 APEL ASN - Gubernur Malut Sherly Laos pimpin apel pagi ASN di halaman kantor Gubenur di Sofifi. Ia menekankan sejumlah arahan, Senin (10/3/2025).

---

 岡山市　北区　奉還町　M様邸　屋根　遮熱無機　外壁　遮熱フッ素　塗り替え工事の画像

---

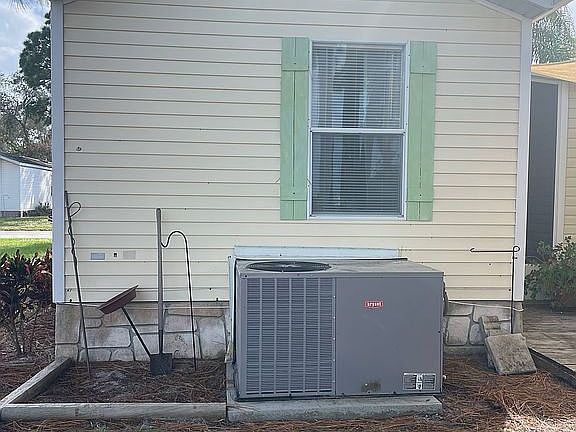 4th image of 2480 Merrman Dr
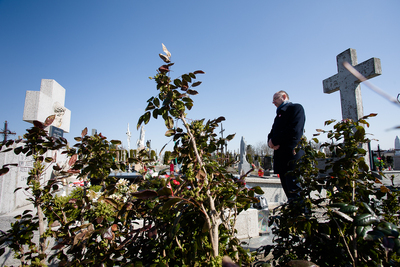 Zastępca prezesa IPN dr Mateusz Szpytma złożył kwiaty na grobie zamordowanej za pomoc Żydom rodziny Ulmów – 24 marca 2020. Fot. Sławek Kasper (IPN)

• **Problem description**: Here the job is to copy the listing above word for word, starting at the line with "4th image of 2480 Merrman Dr" and ending at the line with "Zastępca prezesa IPN", and to leave out the pictures.

• **Answer below**:
 4th image of 2480 Merrman Dr
 Zastępca prezesa IPN dr Mateusz Szpytma złożył kwiaty na grobie zamordowanej za pomoc Żydom rodziny Ulmów – 24 marca 2020. Fot. Sławek Kasper (IPN)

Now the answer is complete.